STOCK Act: President Obama Signs Bill That Would Kill Government Transparency Database

Impact

Keeping tabs of financial conflicts of interest on Capitol Hill just got more difficult. On Tuesday, President Obama signed a bill passed by Congress that would prevent financial disclosure forms filed by senior governmental employees from being posted online.

The bill passed both the House of Representative and the Senate on a voice vote. In a voice vote, now members of Congress's votes are not recorded. The Senate and House both cleared the legislation by unanimous consent, taking only ten seconds in the Senate and 14 seconds in the House of consideration to pass. The bill represents a major blow to government transparency, according to government watchdog groups.

The bill modifies the Stop Trading on Congressional Knowledge (STOCK) Act, a law passed to combat insider trading. The bill effectively repeals a provision that requires financial disclosure forms to posted online into a searchable database in order to be easily assessed. Proponents of repealing the measure argued that it would increase the risk of identify theft and other crimes against disclosures as well as security concerns for the government.

But such disclosure forms are technically already available to the public. Without the provision, the forms must be requested individually from government agencies. The Center for Responsive Politics and the Sunlight Foundation, two pro-government transparency organizations harshly criticized the bill. Lisa Rosenberg of the Sunlight Foundation said of the move, "The result: More corruption and less trust in government."

Dan Auble of the Center for Responsive Politics said of the bill,

"Without the provisions, the STOCK act is made toothless.
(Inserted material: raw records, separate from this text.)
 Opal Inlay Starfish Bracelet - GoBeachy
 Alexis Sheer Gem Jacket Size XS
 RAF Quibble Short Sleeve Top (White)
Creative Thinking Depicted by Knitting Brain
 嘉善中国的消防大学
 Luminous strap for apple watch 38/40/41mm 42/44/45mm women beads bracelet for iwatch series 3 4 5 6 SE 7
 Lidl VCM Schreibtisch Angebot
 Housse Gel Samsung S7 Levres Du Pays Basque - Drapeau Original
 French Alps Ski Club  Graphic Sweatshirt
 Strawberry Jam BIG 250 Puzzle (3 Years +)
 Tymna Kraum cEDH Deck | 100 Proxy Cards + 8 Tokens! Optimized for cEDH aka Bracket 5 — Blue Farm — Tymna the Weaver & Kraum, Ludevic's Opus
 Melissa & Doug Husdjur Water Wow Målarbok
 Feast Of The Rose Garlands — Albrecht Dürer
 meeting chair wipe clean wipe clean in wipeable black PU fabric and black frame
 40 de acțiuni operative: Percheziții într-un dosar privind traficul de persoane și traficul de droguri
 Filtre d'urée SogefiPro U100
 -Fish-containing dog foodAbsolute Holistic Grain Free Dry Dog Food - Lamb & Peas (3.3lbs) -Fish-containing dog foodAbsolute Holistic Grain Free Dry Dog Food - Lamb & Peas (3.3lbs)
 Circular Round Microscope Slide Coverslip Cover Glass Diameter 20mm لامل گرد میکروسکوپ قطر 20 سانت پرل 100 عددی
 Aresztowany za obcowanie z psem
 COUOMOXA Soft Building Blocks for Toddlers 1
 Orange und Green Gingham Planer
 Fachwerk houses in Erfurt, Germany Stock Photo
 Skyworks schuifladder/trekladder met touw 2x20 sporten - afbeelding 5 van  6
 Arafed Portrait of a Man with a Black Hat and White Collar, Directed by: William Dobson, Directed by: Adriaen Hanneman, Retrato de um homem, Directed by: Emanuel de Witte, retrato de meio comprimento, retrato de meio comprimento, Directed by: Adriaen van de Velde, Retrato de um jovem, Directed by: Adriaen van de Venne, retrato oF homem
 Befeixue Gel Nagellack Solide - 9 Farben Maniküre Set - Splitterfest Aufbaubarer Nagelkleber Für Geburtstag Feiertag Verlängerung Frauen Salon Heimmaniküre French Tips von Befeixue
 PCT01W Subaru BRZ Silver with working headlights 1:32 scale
Insider trading by members of Congress and federal employees is still prohibited, but the ability of watchdog groups to verify that Congress is following its own rules is severely limited because these records could still be filed on paper  an unacceptably outdated practice that limits the public's access.

This is not true disclosure."

The bill does not completely gut the STOCK Act. Federal workers would still be required to report securities trades over a $1,000 threshold within 45 days and make them available to the public. The president, vice president, members of Congress, candidates for Congress, Cabinet members, and deputy secretaries are still required to post financial transactions online. However the searchable database was killed along with the requirements that federal employees post transactions. 

However the searchable database was considered by some to be the most effective part of the act. Melanie Sloan of Citizens for Responsibility Ethics in Washington said that, "by getting rid of the online disclosure they get rid of the only effective part. It’s almost a useless act."

Rather than reforming the act to address privacy concerns, Congress just decided to get rid of those requirements entirely. The approach is known as "security through obscurity," the idea being that by making the system difficult, people who want to engage in malicious acts will be discouraged from accessing the information. The drawbacks of such a system are immediately obvious, as a criminal simply needs to be dedicated enough to go through the system in order to gain the information they desire.

The STOCK Act has already been criticized for being incomplete. In 2012, a loophole in the STOCK Act was discovered that could have allowed family members of lawmakers to still profit from inside information, which was promptly corrected. No word if they will fix other efforts at weakening the act soon.